In the Danish fairy tale “Esben and the Witch”, the youngest and smallest of a farmer’s 12 sons saves his brothers from losing their heads to an evil, bearded old hag by tricking the witch into beheading her own daughters instead. And that’s at the beginning of the story!
English musician Daniel Copeman plays in a band named after the grim tale. Reached at a tour stop in Toronto, the guitarist says, “It’s your classic sort of underdog fairy tale, but with a few sort of malevolent twists, where people get their heads chopped off and people get burned in ovens and stuff like that. It’s quite macabre, but we’re drawn to the imagery and everything of it.”
Indeed, the music of Esben and the Witch, as heard on the Brighton-based trio’s debut LP, Violet Cries, is dark and foreboding, shot through with a threat of imminent sonic violence that never quite materializes, lending the whole affair an air of unresolved tension. The focal point is singer Rachel Davies’s plaintive voice, saturated in reverb and surrounded by alternately crashing and ebbing waves of delay- and chorus-treated guitar and electronics, courtesy of Copeman and multi-instrumentalist Thomas Fisher.

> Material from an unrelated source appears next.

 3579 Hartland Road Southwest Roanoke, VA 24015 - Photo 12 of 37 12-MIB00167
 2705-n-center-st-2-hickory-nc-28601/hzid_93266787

You could call it gothic rock (as many already have), but not if you’re hoping to get on Copeman’s good side. He’s heard all the Siouxsie and the Banshees comparisons he wants to hear, thank you. “It feels very glib for someone to say to a band, ”˜You haven’t made something new; you’ve just made something that sounds like it was made 20 years ago,’ every time the band does something,” he says. “From a journalistic point of view, it seems strange that journalists wouldn’t want to describe what they’re hearing in a new way.”
In fact, Copeman has no interest in labelling what Esben and the Witch does at all. “People seem to have to put a genre on something, otherwise they don’t feel like other people will be able to understand what they’re talking about,” he says. “I’d like to give people more credit than that.”

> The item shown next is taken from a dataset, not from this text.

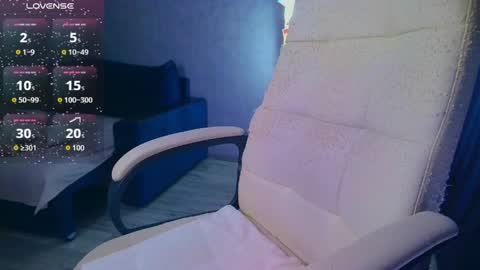 Snapshot of _pink__rabbit_ chatting on 04/06/26, 05:52 Ilona online show from 04/06/26, 05:52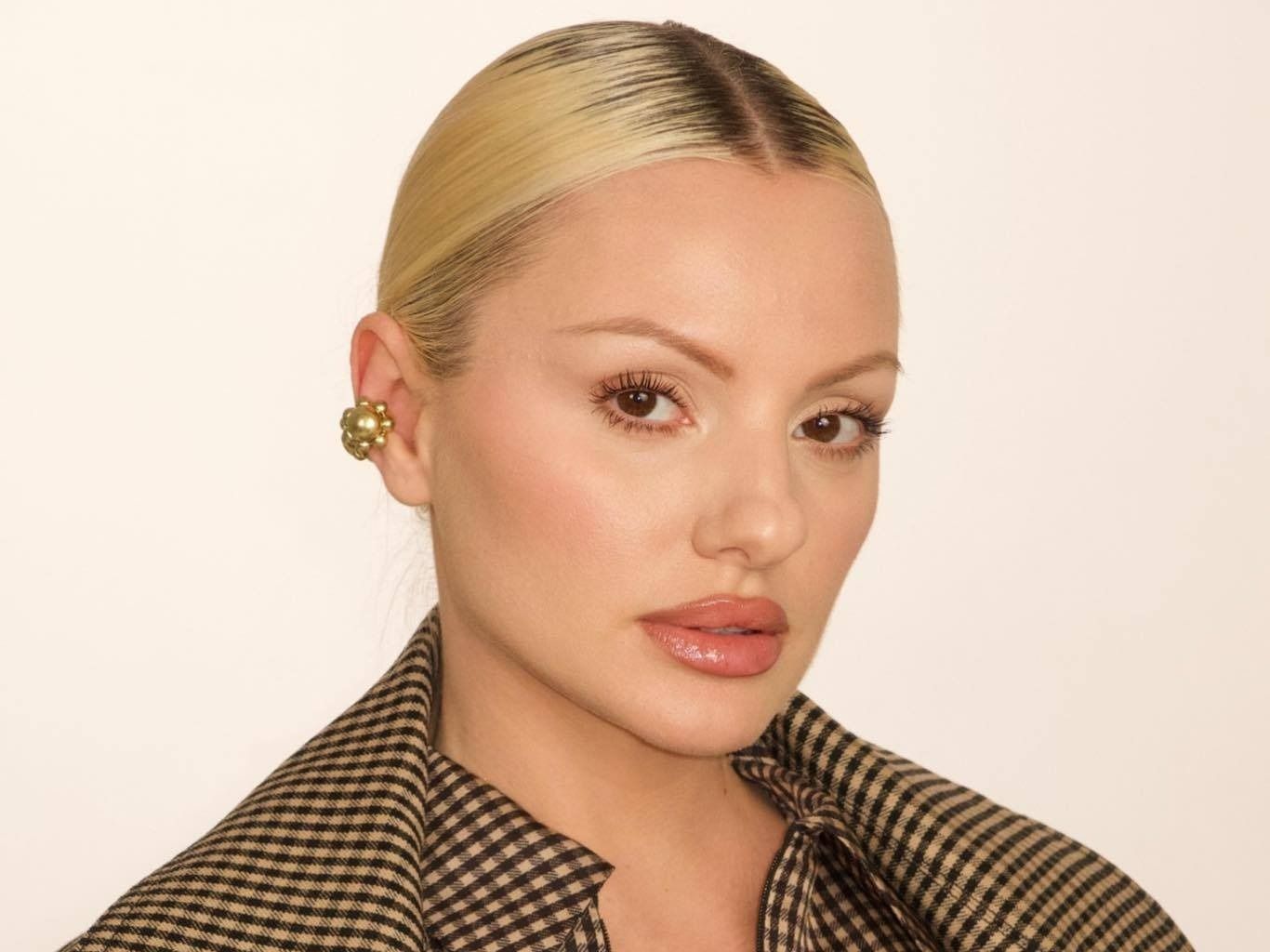 Alexandra Stan va deveni mamă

Copeman and his bandmates probably don’t have much time to ponder what their music should be called in any case. Things have moved pretty quickly for Esben and the Witch since it put out a self-released EP called 33 in late 2009. The trio’s audience expanded immeasurably when Pitchfork posted one of its tracks, the incendiary “Marching Song”, the following January. Tours with the likes of the Big Pink, School of Seven Bells, and Deerhunter followed, as did the inking of a deal with Matador Records.
All very awesome, and Copeman insists he isn’t taking any of it for granted. “It never gets any less exciting,” he says. “Touring North America as a headline band is something that none of us ever expected to have the opportunity to do, and it feels bizarre but wonderful at the same time. Being able to come to Vancouver and play a gig—I didn’t think I’d ever get to go to Vancouver, let alone go do something that I loved.”